Top of DATA RECORDS

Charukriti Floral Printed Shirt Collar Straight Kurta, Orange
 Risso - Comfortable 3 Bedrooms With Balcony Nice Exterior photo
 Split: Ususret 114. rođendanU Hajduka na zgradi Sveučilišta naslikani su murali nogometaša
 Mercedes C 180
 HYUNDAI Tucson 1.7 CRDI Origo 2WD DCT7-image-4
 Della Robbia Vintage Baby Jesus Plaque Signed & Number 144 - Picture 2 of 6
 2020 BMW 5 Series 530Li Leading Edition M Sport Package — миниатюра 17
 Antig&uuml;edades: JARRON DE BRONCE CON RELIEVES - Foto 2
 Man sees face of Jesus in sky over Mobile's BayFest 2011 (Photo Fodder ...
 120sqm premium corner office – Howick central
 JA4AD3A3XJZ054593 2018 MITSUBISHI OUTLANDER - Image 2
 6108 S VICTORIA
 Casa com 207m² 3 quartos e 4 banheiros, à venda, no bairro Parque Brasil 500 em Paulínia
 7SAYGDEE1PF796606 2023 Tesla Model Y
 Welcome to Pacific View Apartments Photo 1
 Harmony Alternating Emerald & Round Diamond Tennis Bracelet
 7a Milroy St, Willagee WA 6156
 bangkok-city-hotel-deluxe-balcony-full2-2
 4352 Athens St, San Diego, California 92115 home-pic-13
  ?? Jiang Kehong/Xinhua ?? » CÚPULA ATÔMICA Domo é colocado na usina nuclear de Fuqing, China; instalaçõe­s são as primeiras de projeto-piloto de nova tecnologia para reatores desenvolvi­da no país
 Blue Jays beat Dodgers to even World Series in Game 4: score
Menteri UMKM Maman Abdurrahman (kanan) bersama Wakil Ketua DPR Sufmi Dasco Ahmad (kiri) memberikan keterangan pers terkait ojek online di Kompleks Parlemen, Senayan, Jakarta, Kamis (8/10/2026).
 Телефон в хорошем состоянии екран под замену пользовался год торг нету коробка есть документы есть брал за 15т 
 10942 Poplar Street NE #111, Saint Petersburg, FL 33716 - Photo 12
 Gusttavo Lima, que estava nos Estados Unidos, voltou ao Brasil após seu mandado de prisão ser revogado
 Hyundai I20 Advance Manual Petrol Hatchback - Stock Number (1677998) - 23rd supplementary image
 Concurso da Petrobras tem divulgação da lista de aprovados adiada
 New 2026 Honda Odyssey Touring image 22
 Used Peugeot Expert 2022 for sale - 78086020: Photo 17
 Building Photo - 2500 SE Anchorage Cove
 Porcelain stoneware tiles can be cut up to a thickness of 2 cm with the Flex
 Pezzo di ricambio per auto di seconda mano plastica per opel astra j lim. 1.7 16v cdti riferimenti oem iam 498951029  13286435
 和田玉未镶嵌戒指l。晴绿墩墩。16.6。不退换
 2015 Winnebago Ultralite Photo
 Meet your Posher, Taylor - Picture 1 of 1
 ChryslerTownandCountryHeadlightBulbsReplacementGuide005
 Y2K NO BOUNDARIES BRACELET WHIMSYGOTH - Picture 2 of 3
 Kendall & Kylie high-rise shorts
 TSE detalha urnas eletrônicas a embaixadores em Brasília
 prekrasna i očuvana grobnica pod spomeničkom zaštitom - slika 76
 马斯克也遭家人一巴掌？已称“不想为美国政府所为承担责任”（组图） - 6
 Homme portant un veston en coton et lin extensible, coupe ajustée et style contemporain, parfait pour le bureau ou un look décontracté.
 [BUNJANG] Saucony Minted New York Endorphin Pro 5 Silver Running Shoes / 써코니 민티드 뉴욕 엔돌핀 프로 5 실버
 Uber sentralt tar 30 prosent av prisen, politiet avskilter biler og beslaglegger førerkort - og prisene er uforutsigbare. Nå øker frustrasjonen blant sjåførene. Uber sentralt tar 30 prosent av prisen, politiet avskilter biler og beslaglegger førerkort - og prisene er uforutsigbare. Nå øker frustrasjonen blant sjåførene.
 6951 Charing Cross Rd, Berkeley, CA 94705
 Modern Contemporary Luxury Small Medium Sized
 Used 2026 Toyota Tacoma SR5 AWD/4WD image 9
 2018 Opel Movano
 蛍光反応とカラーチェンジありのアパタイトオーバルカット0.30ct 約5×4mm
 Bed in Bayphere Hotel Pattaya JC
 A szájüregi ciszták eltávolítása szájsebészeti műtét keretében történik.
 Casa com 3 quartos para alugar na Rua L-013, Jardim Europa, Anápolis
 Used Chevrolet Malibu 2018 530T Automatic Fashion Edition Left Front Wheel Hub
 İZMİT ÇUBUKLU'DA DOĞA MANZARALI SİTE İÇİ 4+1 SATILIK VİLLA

Bottom of DATA RECORDS

ASSIGNMENT - Which lines belong in the answer? Exactly those from the first line of the entries through the line holding "Casa com 207m²", inclusive, copied unchanged.

ANSWER AREA -
Charukriti Floral Printed Shirt Collar Straight Kurta, Orange
 Risso - Comfortable 3 Bedrooms With Balcony Nice Exterior photo
 Split: Ususret 114. rođendanU Hajduka na zgradi Sveučilišta naslikani su murali nogometaša
 Mercedes C 180
 HYUNDAI Tucson 1.7 CRDI Origo 2WD DCT7-image-4
 Della Robbia Vintage Baby Jesus Plaque Signed & Number 144 - Picture 2 of 6
 2020 BMW 5 Series 530Li Leading Edition M Sport Package — миниатюра 17
 Antig&uuml;edades: JARRON DE BRONCE CON RELIEVES - Foto 2
 Man sees face of Jesus in sky over Mobile's BayFest 2011 (Photo Fodder ...
 120sqm premium corner office – Howick central
 JA4AD3A3XJZ054593 2018 MITSUBISHI OUTLANDER - Image 2
 6108 S VICTORIA
 Casa com 207m² 3 quartos e 4 banheiros, à venda, no bairro Parque Brasil 500 em Paulínia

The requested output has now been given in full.